No pictures belong in the copy. Set down exactly the lines from the one that contains "Bottega Veneta Geometric" through the end of the data.

DATASET EXCERPT —
=== Section Start ===
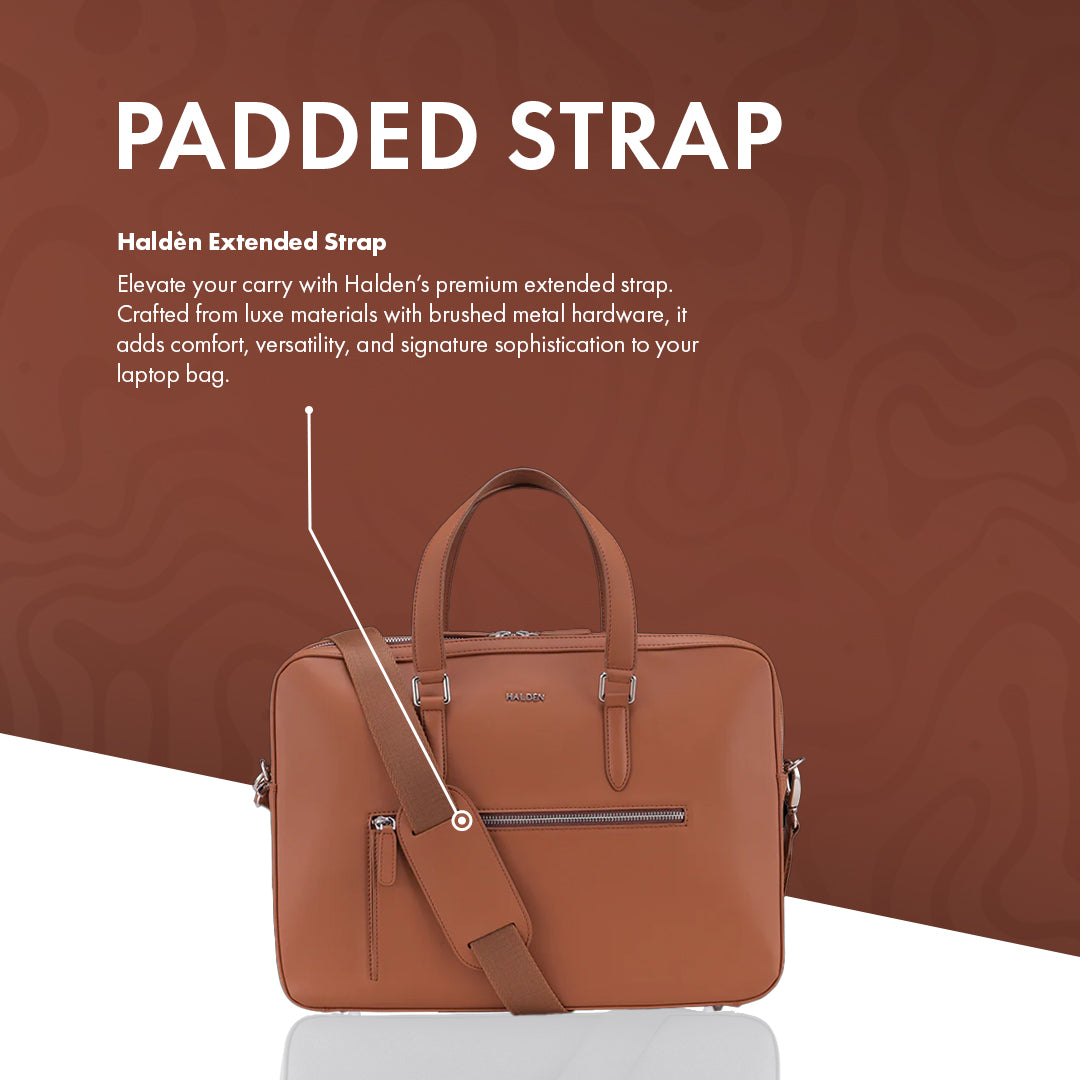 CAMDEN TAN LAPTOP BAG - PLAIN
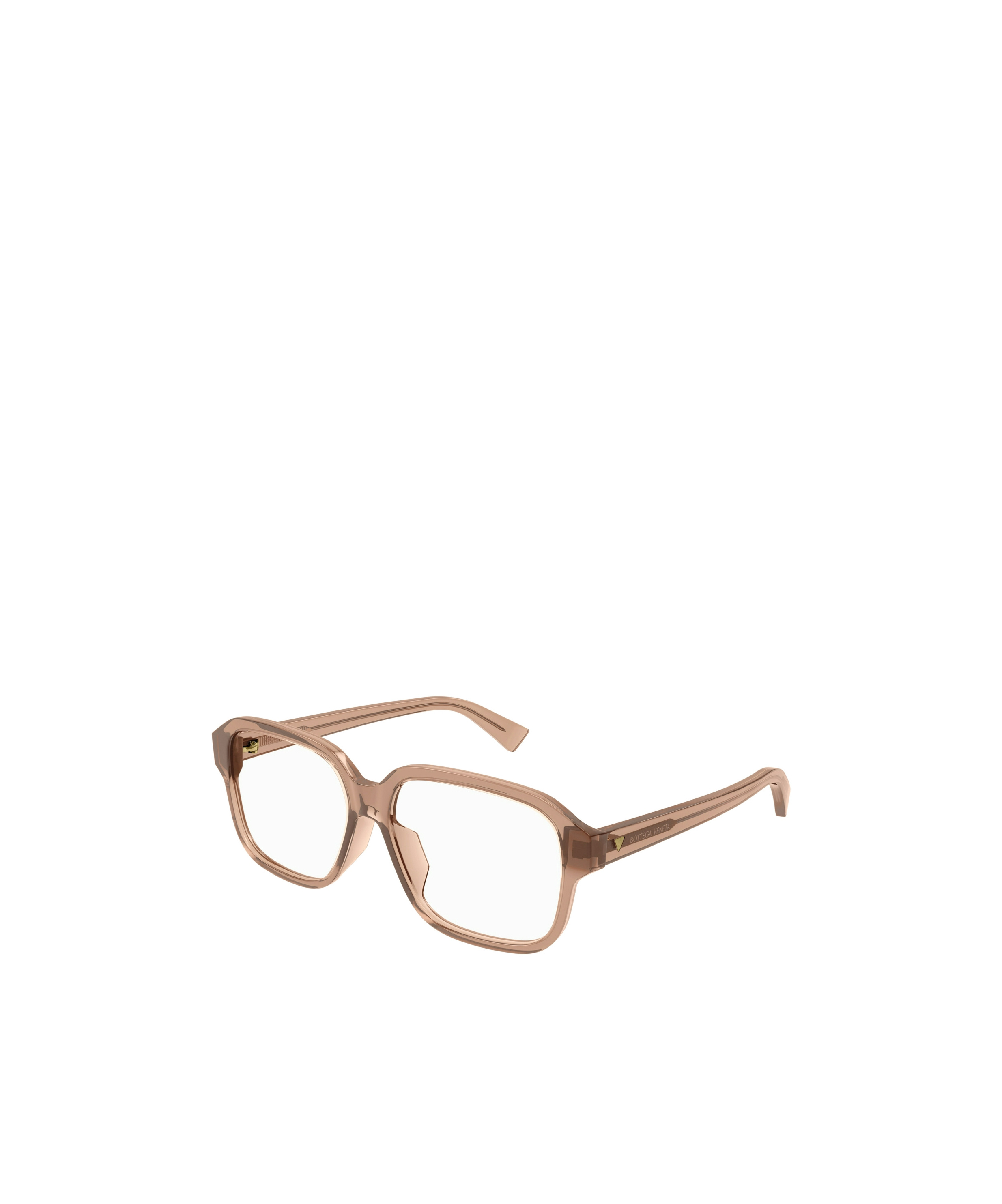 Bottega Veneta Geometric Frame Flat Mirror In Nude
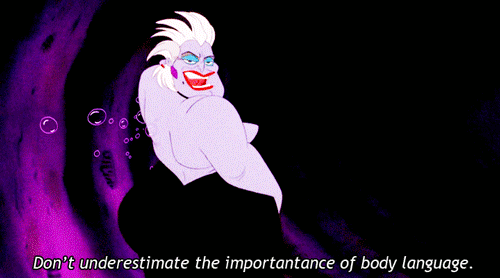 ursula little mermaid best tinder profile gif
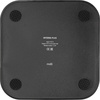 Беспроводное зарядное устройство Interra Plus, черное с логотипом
=== Section End ===
EXERCISE ANSWER —
 Bottega Veneta Geometric Frame Flat Mirror In Nude
 ursula little mermaid best tinder profile gif
 Беспроводное зарядное устройство Interra Plus, черное с логотипом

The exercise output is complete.